Talking to your children about bullying

Bullying is something that we unfortunately know has been going on for as long as we can remember. There are literally stories from the 1800’s about bullies, and the general theme of picking on someone hasn’t really changed much.

What has changed however, is how it’s happening. Technology and ways of communicating has completely changed our entire world and way of living, 99% of the time, for the better. The downside? It’s opened up an opportunity for people to say and do things from behind a screen that they wouldn’t necessarily do in person.

As we grow older and have children, and watch them go out in the world, some of us have to endure seeing them affected by things that other people say and do. This can be one of the hardest things to watch, and often leaves us feeling a little helpless.

Here are a few tips from the NSPCC on how to handle the topic of bullying with your children.

Have the conversation. Talking solves so many issues. So many of us, both young and old hold things in, and the minute we have a conversation with someone we feel safe with and trust - it can feel like a whole weight has been lifted. Sometimes just listening to someone works wonders.

Teaching online safety tips. It’s important that we all make sure our children go into the world of technology and internet knowing how to keep themselves protected and safe. They need to know the signs to look out for when something’s not quite right, and be aware on how to avoid places on the internet that could potentially cause them issues.

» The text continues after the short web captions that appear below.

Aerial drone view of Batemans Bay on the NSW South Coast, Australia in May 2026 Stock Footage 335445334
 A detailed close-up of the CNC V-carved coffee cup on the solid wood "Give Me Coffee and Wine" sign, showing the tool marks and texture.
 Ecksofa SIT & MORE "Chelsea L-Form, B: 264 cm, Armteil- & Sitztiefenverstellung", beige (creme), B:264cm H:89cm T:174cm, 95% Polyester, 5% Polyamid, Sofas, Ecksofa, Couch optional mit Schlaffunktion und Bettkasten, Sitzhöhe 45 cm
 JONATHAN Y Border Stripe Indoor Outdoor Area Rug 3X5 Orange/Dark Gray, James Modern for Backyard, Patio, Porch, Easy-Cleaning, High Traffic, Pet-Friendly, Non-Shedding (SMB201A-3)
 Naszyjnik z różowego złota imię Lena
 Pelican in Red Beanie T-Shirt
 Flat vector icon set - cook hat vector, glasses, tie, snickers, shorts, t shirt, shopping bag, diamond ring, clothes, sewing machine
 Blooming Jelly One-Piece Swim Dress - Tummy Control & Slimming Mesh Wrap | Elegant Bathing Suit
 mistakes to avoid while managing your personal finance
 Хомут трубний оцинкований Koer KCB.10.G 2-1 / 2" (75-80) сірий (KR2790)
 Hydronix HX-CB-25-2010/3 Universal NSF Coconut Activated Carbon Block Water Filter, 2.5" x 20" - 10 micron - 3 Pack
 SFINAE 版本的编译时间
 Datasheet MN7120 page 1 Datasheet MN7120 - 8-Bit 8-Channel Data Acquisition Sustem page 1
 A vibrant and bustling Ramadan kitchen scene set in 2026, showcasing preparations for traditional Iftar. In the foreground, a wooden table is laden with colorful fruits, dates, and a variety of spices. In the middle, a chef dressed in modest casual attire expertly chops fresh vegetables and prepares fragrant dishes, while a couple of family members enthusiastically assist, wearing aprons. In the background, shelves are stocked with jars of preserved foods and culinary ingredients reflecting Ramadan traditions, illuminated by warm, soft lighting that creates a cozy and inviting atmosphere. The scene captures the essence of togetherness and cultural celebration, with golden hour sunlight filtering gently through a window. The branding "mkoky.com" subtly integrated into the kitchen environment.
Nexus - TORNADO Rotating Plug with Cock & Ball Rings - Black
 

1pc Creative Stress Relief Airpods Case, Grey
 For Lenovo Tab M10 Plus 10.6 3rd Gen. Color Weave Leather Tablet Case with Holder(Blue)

Give them something positive to focus on and enjoy. If your child tells you they’re being bullied, one really good way to deal with this aside from the other stuff, is to try and take their mind off and give them a way to feel completely separated from it. It could be through sports or other activities, or days where they get to decide how the family spends it, just something that you know will lighten their mood.

Make sure they not they’re not alone. When we’re going through something, it can be very isolating, and feel like it’s us against the world. This is absolutely no different for children. It’s so important to make it known to them that there are people around who care for them, will stick up for them and be there for them regardless of what’s going on. Knowing you’re not alone in something can actually be half the battle fought in some cases. Childline is also an option if they would feel more comfortable talking to someone that they DON’T know.

Let them know who they can report bullying to. Of course they can always talk to their parents/guardian. But if there are other family members as well that they might rather speak to in this case, point them in that direction. If the bullying takes place in a school, make sure you know who the best person to speak to about that matter is, and once you know, make sure THEY know.